The moral dilemma is that any attempts to purge defective genes flies in the face of religious and cultural taboos. Even current research trying to edit genes before they can be passed to future generations is under attack, and sterilization or worse is virtually unthinkable, especially if it can be labeled genocide. Yet ignoring the problem may well not be an option. Although termination of carriers of defective genes would be a repugnant and unnecessary extreme, rethinking Western Civilization's religious and cultural proscriptions against abortion, testing of fetuses for genetic abnormalities, and sterilizing obvious mutants might be necessary.
There are some things that can be done to stop making the situation worse. A first mandatory step in the U.S. would be to stop importing defective genes from third world populations. Whether any immigration is necessary or desirable, a minimum response to the problem must be to set the bar for admission very high for genetic traits such as intelligence and industriousness, and against negatives such as criminality and genetic diseases. In their native environments a significant number of third worlders would perish from natural selection, but not only do we keep them alive if they get here, but pay them to breed. This is insane.

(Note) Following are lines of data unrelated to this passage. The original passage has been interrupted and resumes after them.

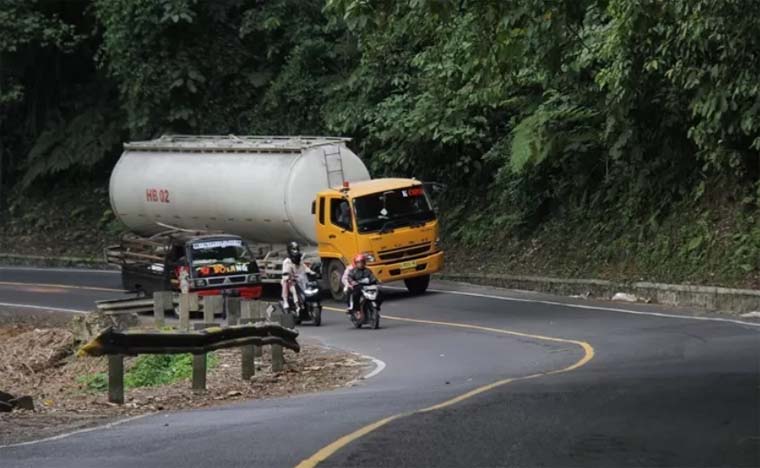 Masih banyak pengendara roda 2 dan roda 4 yang nekat mendahului kendaraan besar di tikungan Mbah Singo, Kecamatan Silo, Jember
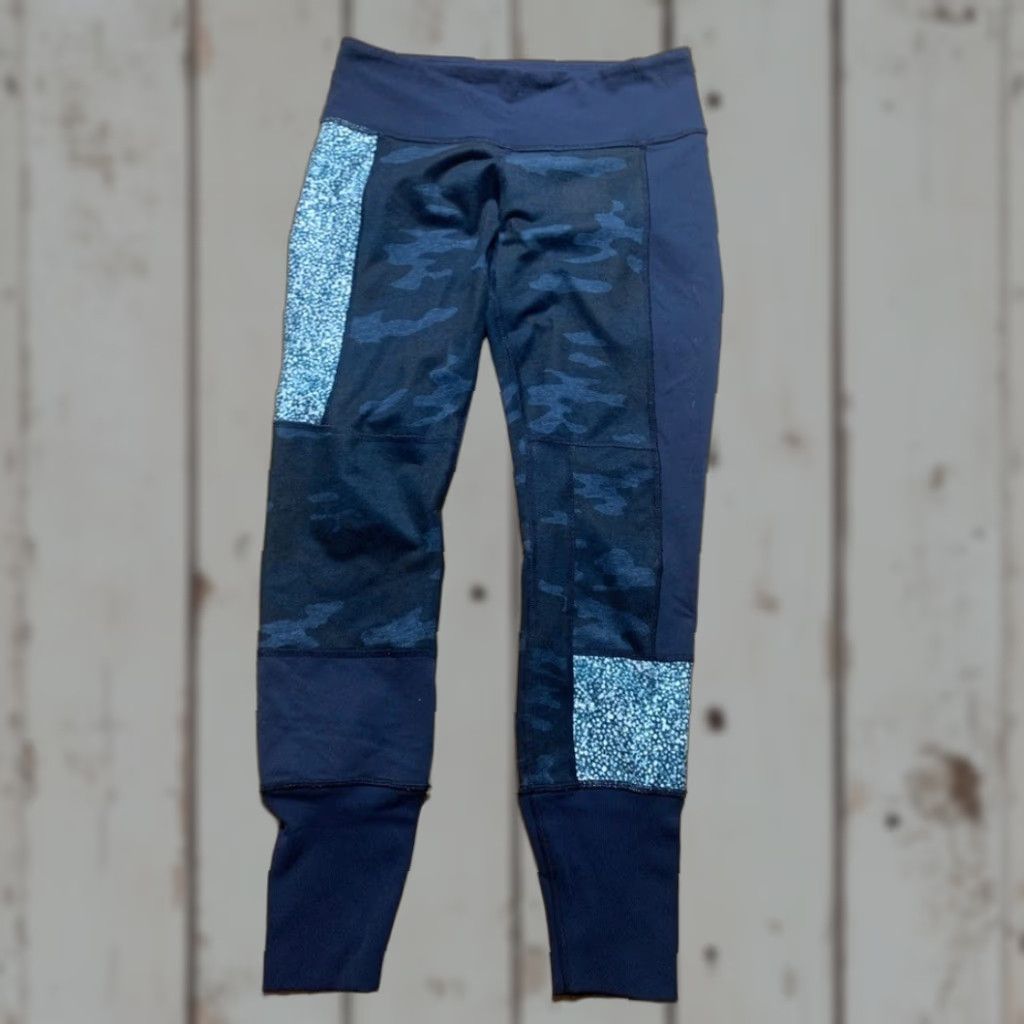 Lululemon Lululemon leggings joggers 8 Women Regular Size 8 Multicolor Ankle - Lululemon symbol on back off Size 30" / US 8 / IT 44 - 1 Thumbnail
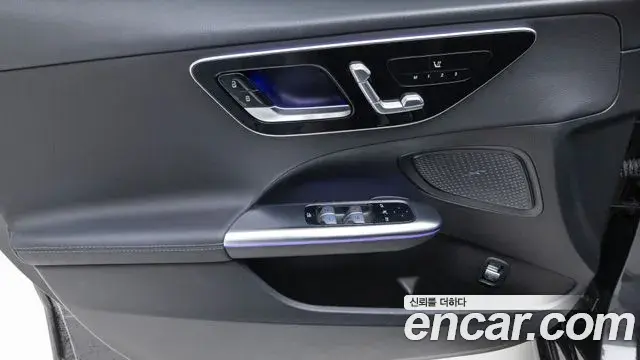 Mercedes-Benz C-Class 2023 — Şəkil 19/20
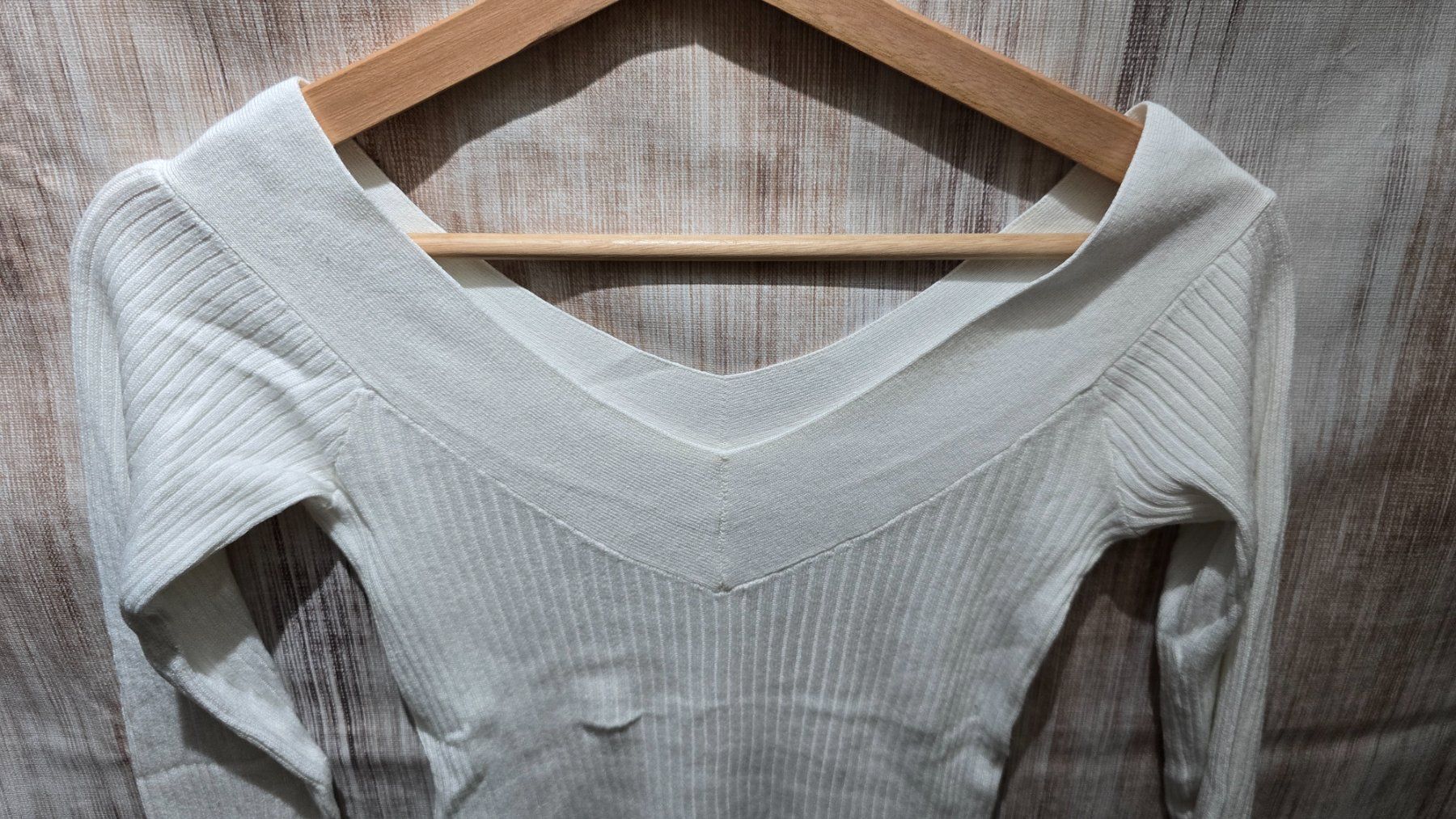 H&M Maglioni & Felpe: 🎉 Off-Shoulder Rippstrick Pullover - XS - Weiss – Usato da Thalwil venduto da VitaMini 1
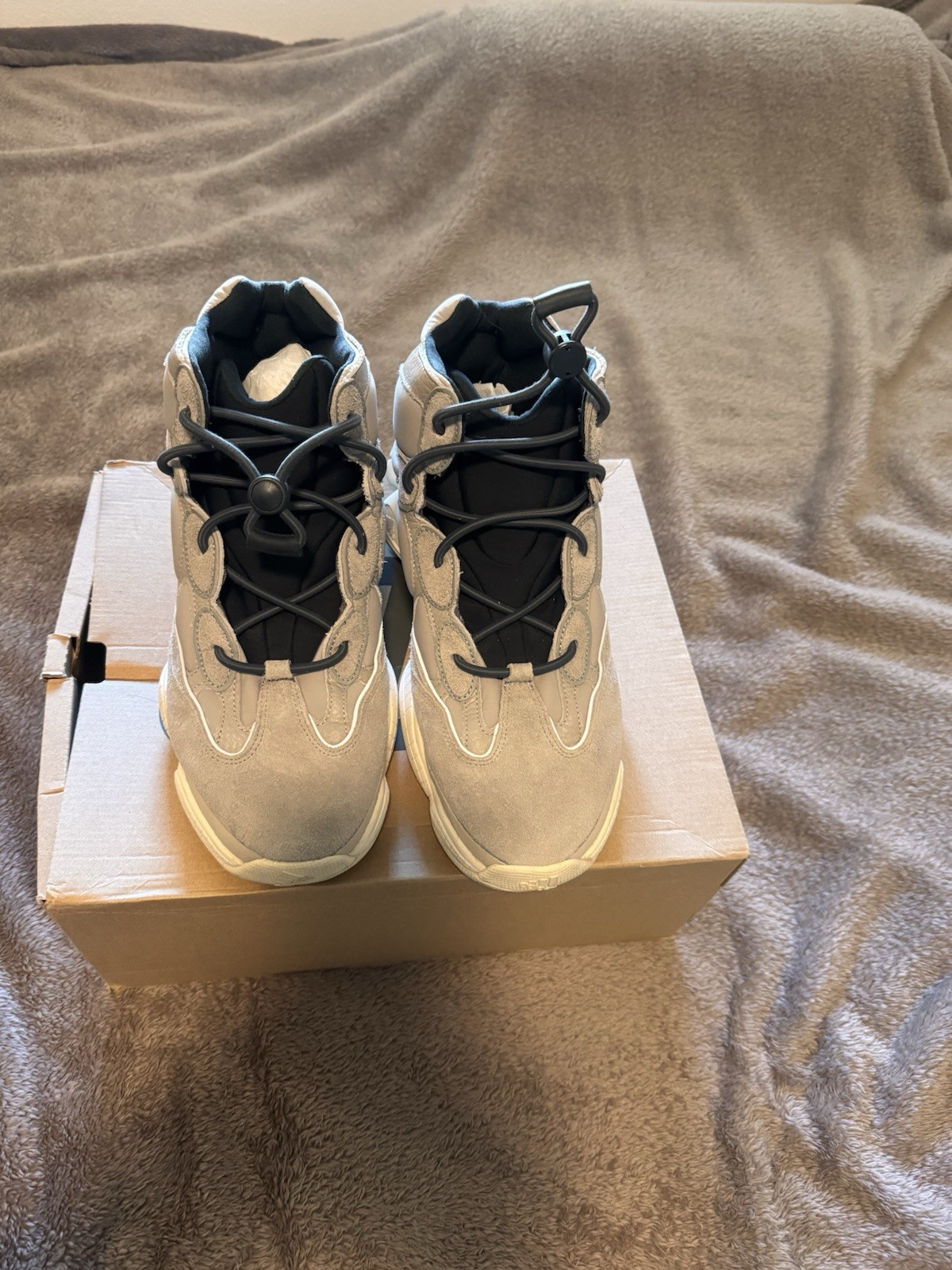 adidas Yeezy 500 High Mist Stone Gray Men’s High Top Lace-Up Suede GV7775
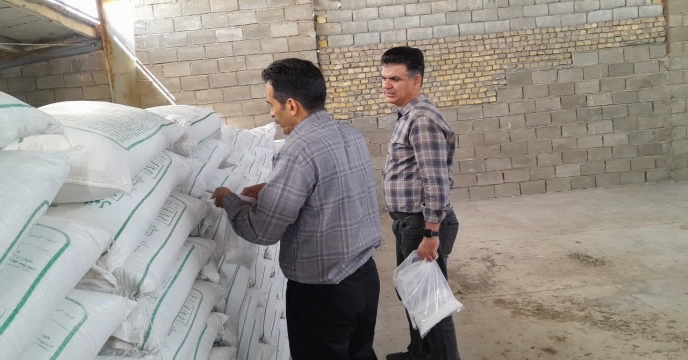 نمونه برداری از کود کلرور پتاسیم گرانوله در مجتمع انبارهای کود شهید شاملو ، استان مرکزی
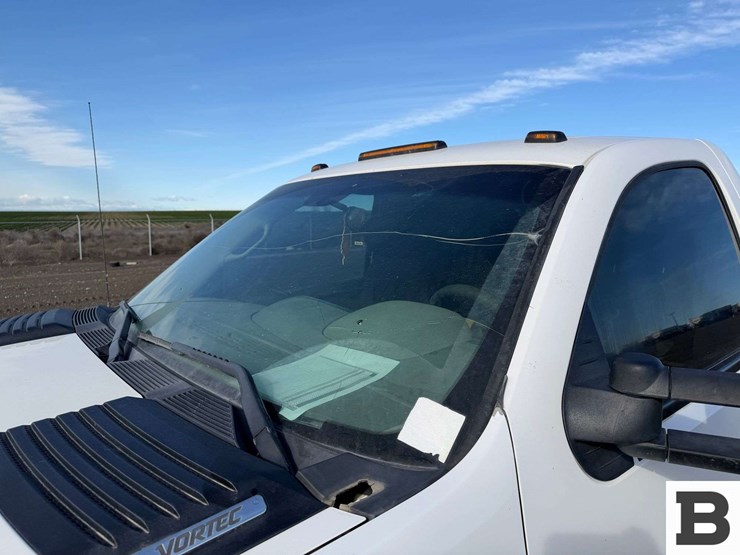 2010-chevrolet-silverado-3500-image-9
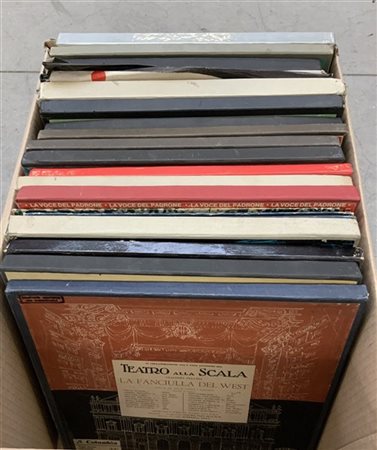 Lotto di due cartoni contenenti numerosi vinili principalmente di musica classi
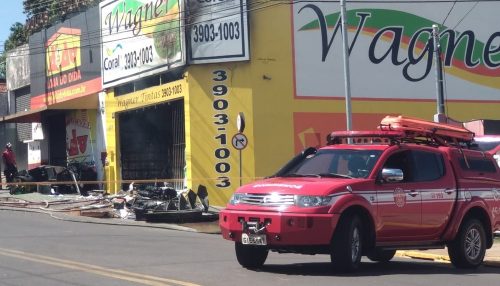 Incêndio destrói loja de tintas e mobiliza Corpo de Bombeiros em Presidente Prudente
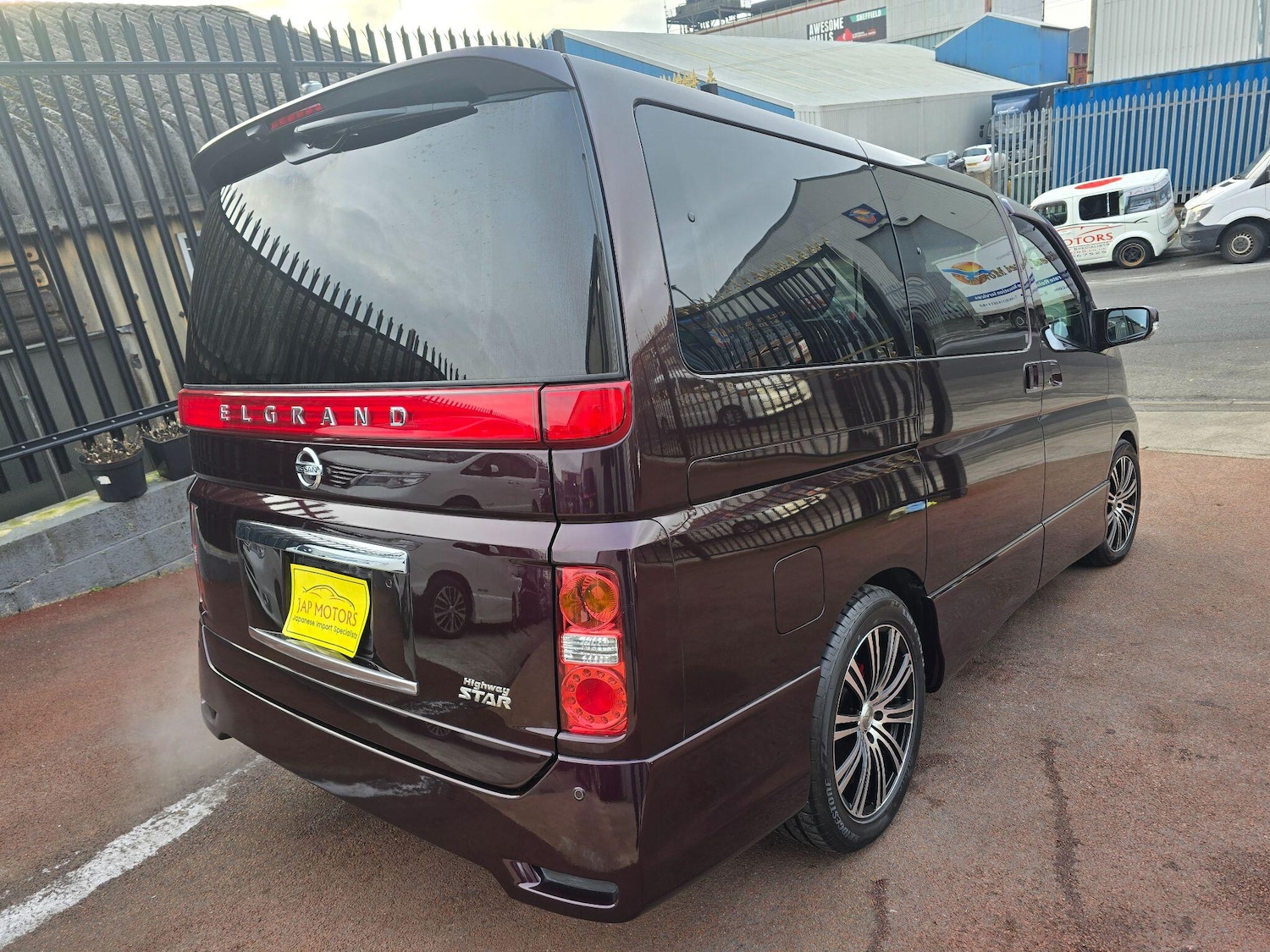 Used Nissan Elgrand for sale - 77119563: Photo 30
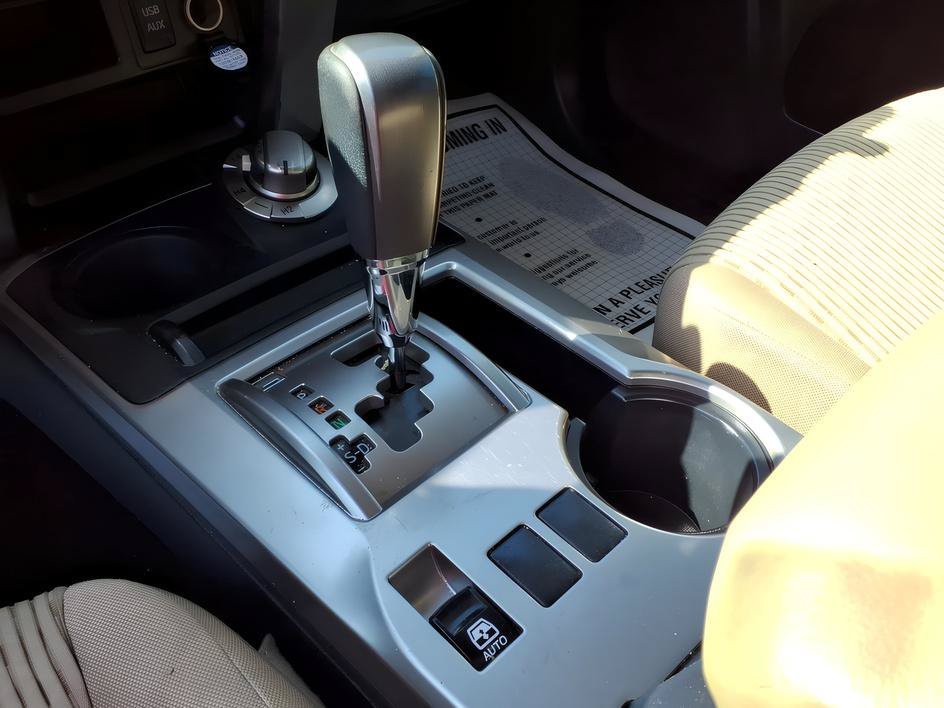 Used 2016 Super White Toyota SR5 image 21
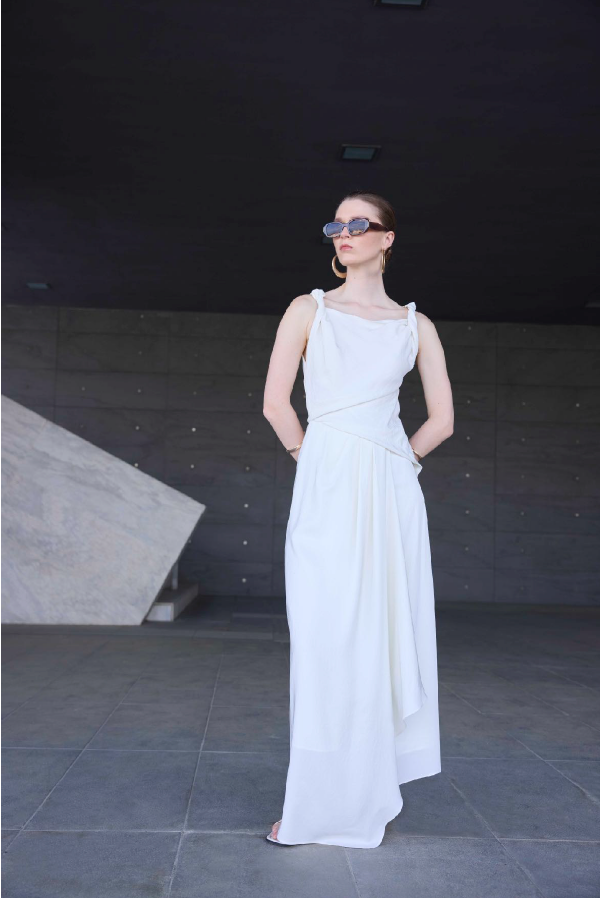 Vestido Longo Fluido com Drapado – Eleh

The second step of a sane response to the problem is to stop paying welfarites to breed. Although not every welfarite has defective genes that cause diseases, the likelihood that they have undesirable genetic characteristics is sufficiently high that encouraging the propagation of their genes is a poor policy. Trying to test for bad vs. good genes in the welfare community smacks of eugenics, and therefore it would be best to just not provide public reward or even support for welfare breeding.
Forced sterilization is a solution of last resort, although it might be worth seriously considering in the case of those convicted of violent criminal behavior. Short of refinement and acceptance of genetic engineering to eliminate less blatant cases of defective genes, voluntary contraception or sterilization would be commendable, but as a compassionate society one hopes that such drastic measures could ultimately be unnecessary with technology. Currently abortion or sterilization of Downs Syndrome children is tolerated or even encouraged, but ultimately gene editing or other high tech solutions may be able to identify and remove such defective genes from the gene pool.
The problem of affluence frustrating natural selection is sufficiently subtle that its magnitude has only recently come to light. As was pointed out in Welton's post, we are already seeing increases in genetic diseases such as autism, and a decrease in intelligence. Western civilization is already mired in a morass of problems, although many may be related to this one. In any case, as Welton said, we're headed for a disaster, and time to reflect may not be on our side. Some form of eugenics to offset the inverse eugenics of Western civilization's incredible survival successes is necessary.